[Exercise]: Pictures in the entries below are excluded; copy only the lines from the one containing "Magnetic glass dry" to the one containing "a red and black alarm clock with a dial.", both included.

[Extracted information]:
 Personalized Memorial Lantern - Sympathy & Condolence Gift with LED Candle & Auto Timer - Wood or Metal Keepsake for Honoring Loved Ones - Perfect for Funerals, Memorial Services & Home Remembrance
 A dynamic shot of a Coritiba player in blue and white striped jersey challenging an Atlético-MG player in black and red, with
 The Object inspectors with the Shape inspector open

* * *

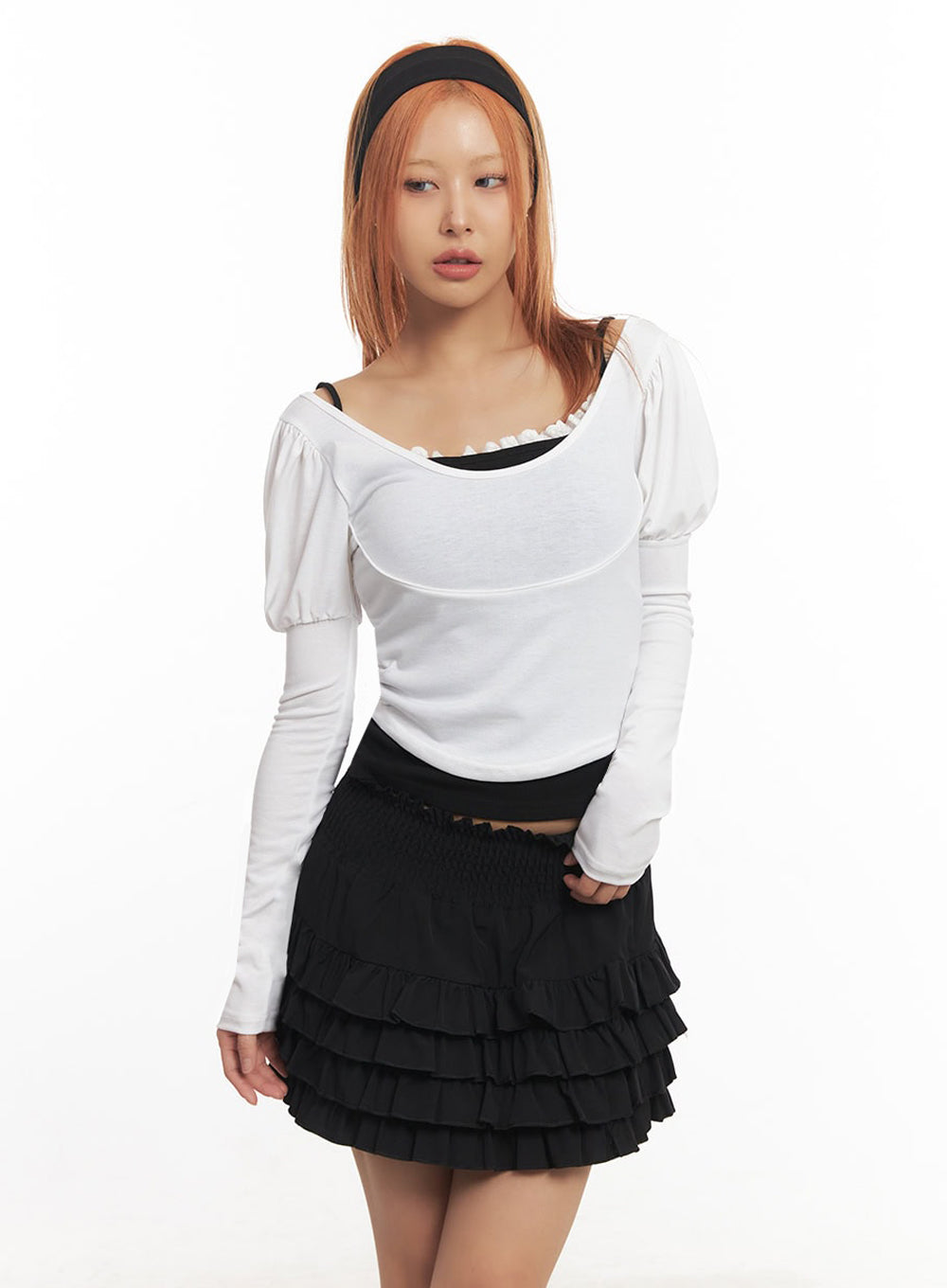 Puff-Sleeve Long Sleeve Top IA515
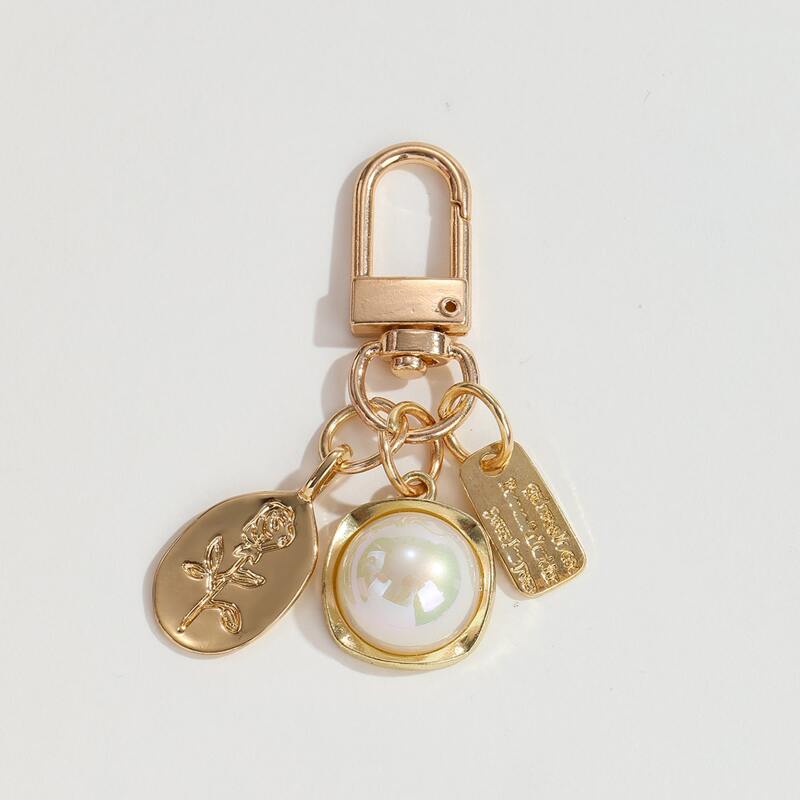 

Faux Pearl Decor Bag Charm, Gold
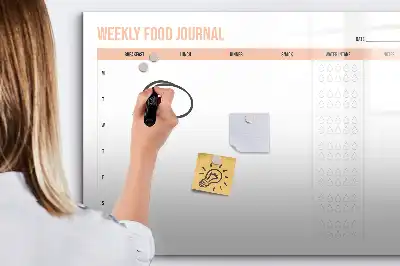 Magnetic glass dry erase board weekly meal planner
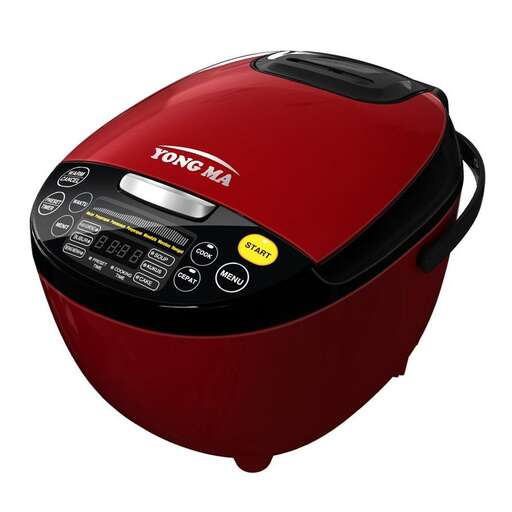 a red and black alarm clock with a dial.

[Reply to the task]:
 Magnetic glass dry erase board weekly meal planner
 a red and black alarm clock with a dial.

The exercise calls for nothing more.